# Kernel help



## edwards2243 (Jun 11, 2011)

I'm on GummyCharged GBE RC1.2... when I go into 'about phone' I see the default kernel, not Imoseyon's kernel that was supposed to come with the ROM. Did I flash the ROM wrong? How do i flash Imoseyon's latest kernel? CWM? Do I wipe?

Edit: my phone is running really smoothly right now, not even sure switching kernels will provide a performance increase to offset any loss in stability...

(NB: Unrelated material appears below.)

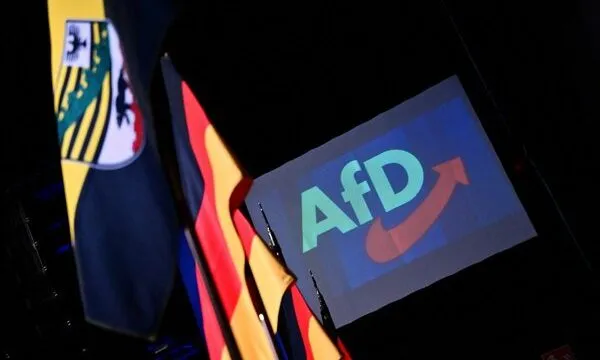 En las elecciones regionales de Sajonia-Anhalt, el Partido Alternativa para Alemania obtiene un resultado que marca un cambio significativo en la composición del gobierno.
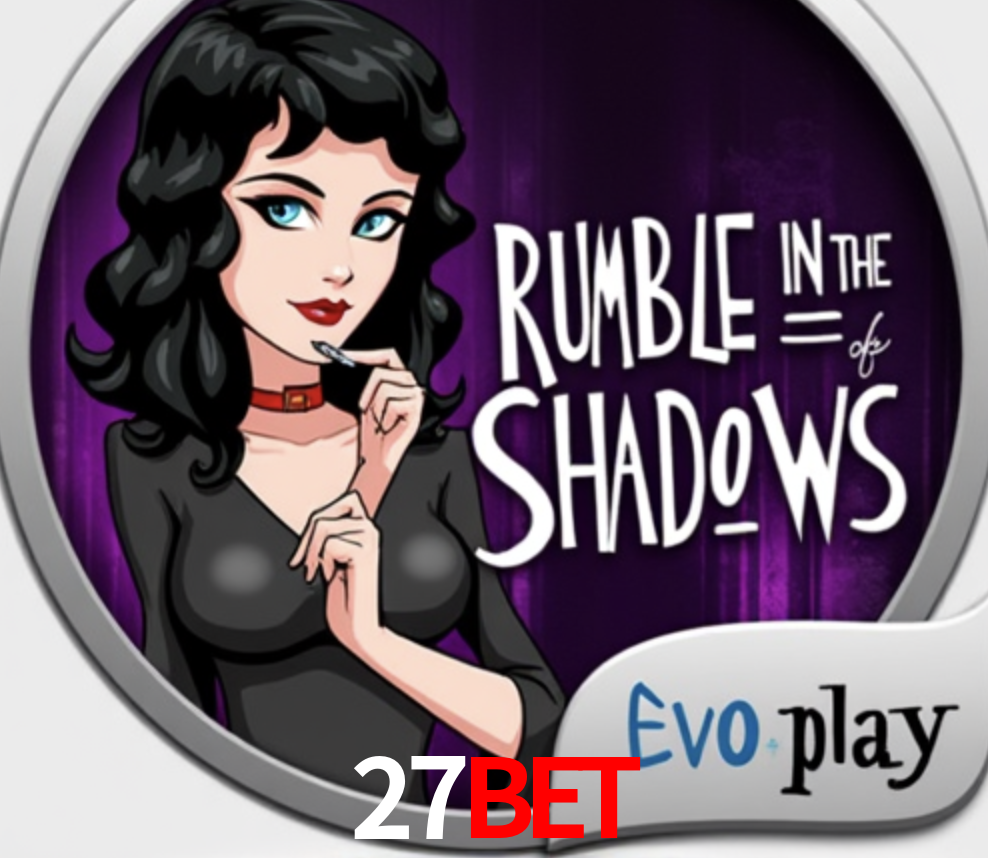 Player Reviews 27bet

Sent from my Gummy Charged GBE 2.0 using Tapatalk


----------



## clumsyninja21 (Jun 10, 2011)

"edwards2243 said:


> I'm on GummyCharged GBE RC1.2... when I go into 'about phone' I see the default kernel, not Imoseyon's kernel that was supposed to come with the ROM. Did I flash the ROM wrong? How do i flash Imoseyon's latest kernel? CWM? Do I wipe?
> 
> Edit: my phone is running really smoothly right now, not even sure switching kernels will provide a performance increase to offset any loss in stability...
> 
> Sent from my Gummy Charged GBE 2.0 using Tapatalk


It will still show the default kernel even if you changed it. Until source is released for the gb kernel, all they can do is mod the ota kernel and repackage it.


----------



## edwards2243 (Jun 11, 2011)

clumsyninja21 said:


> It will still show the default kernel even if you changed it. Until source is released for the gb kernel, all they can do is mod the ota kernel and repackage it.


Ok, that explains it then. Thanks!

Sent from my Gummy Charged GBE 2.0 using Tapatalk


----------